RECORDS PROVIDED Start Marker

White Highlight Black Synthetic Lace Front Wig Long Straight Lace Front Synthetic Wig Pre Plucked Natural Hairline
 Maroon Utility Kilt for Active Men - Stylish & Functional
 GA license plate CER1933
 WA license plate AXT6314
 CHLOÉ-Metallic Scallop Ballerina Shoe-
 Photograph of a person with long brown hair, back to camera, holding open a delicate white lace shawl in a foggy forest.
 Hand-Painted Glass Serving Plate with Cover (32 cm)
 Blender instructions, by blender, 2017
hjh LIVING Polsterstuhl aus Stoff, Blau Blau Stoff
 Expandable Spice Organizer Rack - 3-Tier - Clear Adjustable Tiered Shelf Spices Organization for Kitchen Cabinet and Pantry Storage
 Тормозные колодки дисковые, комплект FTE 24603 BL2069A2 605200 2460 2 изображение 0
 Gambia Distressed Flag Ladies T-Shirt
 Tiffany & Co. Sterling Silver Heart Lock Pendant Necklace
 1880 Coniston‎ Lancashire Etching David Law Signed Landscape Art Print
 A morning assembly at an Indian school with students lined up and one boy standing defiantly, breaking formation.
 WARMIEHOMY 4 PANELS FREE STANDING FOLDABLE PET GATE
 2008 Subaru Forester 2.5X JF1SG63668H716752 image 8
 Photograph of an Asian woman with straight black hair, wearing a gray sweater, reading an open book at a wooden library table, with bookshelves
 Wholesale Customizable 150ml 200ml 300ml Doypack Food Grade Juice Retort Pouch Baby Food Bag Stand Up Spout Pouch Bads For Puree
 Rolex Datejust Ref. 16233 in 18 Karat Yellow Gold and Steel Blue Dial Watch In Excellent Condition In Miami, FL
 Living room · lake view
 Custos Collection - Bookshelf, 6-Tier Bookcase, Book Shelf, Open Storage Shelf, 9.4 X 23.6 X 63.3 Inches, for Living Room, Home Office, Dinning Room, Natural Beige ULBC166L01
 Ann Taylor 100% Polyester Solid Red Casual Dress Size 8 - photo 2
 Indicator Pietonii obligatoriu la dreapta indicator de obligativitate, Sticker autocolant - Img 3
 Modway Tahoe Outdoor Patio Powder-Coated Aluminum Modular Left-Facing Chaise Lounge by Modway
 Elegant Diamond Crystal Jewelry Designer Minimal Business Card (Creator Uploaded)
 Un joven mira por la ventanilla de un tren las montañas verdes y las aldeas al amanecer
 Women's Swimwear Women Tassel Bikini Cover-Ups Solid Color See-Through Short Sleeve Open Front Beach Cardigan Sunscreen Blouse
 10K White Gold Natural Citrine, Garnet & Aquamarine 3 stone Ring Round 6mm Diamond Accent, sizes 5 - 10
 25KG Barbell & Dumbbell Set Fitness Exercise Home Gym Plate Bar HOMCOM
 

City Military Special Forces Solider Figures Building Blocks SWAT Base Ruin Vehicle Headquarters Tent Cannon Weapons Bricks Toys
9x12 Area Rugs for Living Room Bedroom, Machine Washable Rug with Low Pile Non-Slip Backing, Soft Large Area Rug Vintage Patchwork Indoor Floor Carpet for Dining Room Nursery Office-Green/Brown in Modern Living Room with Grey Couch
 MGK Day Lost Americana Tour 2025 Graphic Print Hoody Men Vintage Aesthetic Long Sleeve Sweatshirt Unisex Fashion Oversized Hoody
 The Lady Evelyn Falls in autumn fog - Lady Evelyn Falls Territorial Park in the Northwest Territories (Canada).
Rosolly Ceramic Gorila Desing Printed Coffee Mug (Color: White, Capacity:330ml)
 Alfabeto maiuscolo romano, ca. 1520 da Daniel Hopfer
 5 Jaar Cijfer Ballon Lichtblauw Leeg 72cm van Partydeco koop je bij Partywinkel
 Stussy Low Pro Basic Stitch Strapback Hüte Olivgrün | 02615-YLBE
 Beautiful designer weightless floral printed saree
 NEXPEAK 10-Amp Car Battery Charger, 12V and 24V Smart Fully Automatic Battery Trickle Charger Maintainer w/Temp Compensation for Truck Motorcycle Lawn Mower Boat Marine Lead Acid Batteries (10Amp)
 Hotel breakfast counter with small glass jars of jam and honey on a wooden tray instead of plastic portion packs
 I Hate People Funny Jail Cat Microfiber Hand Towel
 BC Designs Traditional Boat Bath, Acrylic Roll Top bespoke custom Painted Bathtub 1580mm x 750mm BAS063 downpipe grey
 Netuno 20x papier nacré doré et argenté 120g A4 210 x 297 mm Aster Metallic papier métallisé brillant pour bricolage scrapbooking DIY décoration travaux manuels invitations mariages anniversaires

RECORDS PROVIDED End Marker

### ABOUT THIS EXERCISE
Retype each line above, keeping every character.

### EXERCISE SOLUTION
White Highlight Black Synthetic Lace Front Wig Long Straight Lace Front Synthetic Wig Pre Plucked Natural Hairline
 Maroon Utility Kilt for Active Men - Stylish & Functional
 GA license plate CER1933
 WA license plate AXT6314
 CHLOÉ-Metallic Scallop Ballerina Shoe-
 Photograph of a person with long brown hair, back to camera, holding open a delicate white lace shawl in a foggy forest.
 Hand-Painted Glass Serving Plate with Cover (32 cm)
 Blender instructions, by blender, 2017
hjh LIVING Polsterstuhl aus Stoff, Blau Blau Stoff
 Expandable Spice Organizer Rack - 3-Tier - Clear Adjustable Tiered Shelf Spices Organization for Kitchen Cabinet and Pantry Storage
 Тормозные колодки дисковые, комплект FTE 24603 BL2069A2 605200 2460 2 изображение 0
 Gambia Distressed Flag Ladies T-Shirt
 Tiffany & Co. Sterling Silver Heart Lock Pendant Necklace
 1880 Coniston‎ Lancashire Etching David Law Signed Landscape Art Print
 A morning assembly at an Indian school with students lined up and one boy standing defiantly, breaking formation.
 WARMIEHOMY 4 PANELS FREE STANDING FOLDABLE PET GATE
 2008 Subaru Forester 2.5X JF1SG63668H716752 image 8
 Photograph of an Asian woman with straight black hair, wearing a gray sweater, reading an open book at a wooden library table, with bookshelves
 Wholesale Customizable 150ml 200ml 300ml Doypack Food Grade Juice Retort Pouch Baby Food Bag Stand Up Spout Pouch Bads For Puree
 Rolex Datejust Ref. 16233 in 18 Karat Yellow Gold and Steel Blue Dial Watch In Excellent Condition In Miami, FL
 Living room · lake view
 Custos Collection - Bookshelf, 6-Tier Bookcase, Book Shelf, Open Storage Shelf, 9.4 X 23.6 X 63.3 Inches, for Living Room, Home Office, Dinning Room, Natural Beige ULBC166L01
 Ann Taylor 100% Polyester Solid Red Casual Dress Size 8 - photo 2
 Indicator Pietonii obligatoriu la dreapta indicator de obligativitate, Sticker autocolant - Img 3
 Modway Tahoe Outdoor Patio Powder-Coated Aluminum Modular Left-Facing Chaise Lounge by Modway
 Elegant Diamond Crystal Jewelry Designer Minimal Business Card (Creator Uploaded)
 Un joven mira por la ventanilla de un tren las montañas verdes y las aldeas al amanecer
 Women's Swimwear Women Tassel Bikini Cover-Ups Solid Color See-Through Short Sleeve Open Front Beach Cardigan Sunscreen Blouse
 10K White Gold Natural Citrine, Garnet & Aquamarine 3 stone Ring Round 6mm Diamond Accent, sizes 5 - 10
 25KG Barbell & Dumbbell Set Fitness Exercise Home Gym Plate Bar HOMCOM
 

City Military Special Forces Solider Figures Building Blocks SWAT Base Ruin Vehicle Headquarters Tent Cannon Weapons Bricks Toys
9x12 Area Rugs for Living Room Bedroom, Machine Washable Rug with Low Pile Non-Slip Backing, Soft Large Area Rug Vintage Patchwork Indoor Floor Carpet for Dining Room Nursery Office-Green/Brown in Modern Living Room with Grey Couch
 MGK Day Lost Americana Tour 2025 Graphic Print Hoody Men Vintage Aesthetic Long Sleeve Sweatshirt Unisex Fashion Oversized Hoody
 The Lady Evelyn Falls in autumn fog - Lady Evelyn Falls Territorial Park in the Northwest Territories (Canada).
Rosolly Ceramic Gorila Desing Printed Coffee Mug (Color: White, Capacity:330ml)
 Alfabeto maiuscolo romano, ca. 1520 da Daniel Hopfer
 5 Jaar Cijfer Ballon Lichtblauw Leeg 72cm van Partydeco koop je bij Partywinkel
 Stussy Low Pro Basic Stitch Strapback Hüte Olivgrün | 02615-YLBE
 Beautiful designer weightless floral printed saree
 NEXPEAK 10-Amp Car Battery Charger, 12V and 24V Smart Fully Automatic Battery Trickle Charger Maintainer w/Temp Compensation for Truck Motorcycle Lawn Mower Boat Marine Lead Acid Batteries (10Amp)
 Hotel breakfast counter with small glass jars of jam and honey on a wooden tray instead of plastic portion packs
 I Hate People Funny Jail Cat Microfiber Hand Towel
 BC Designs Traditional Boat Bath, Acrylic Roll Top bespoke custom Painted Bathtub 1580mm x 750mm BAS063 downpipe grey
 Netuno 20x papier nacré doré et argenté 120g A4 210 x 297 mm Aster Metallic papier métallisé brillant pour bricolage scrapbooking DIY décoration travaux manuels invitations mariages anniversaires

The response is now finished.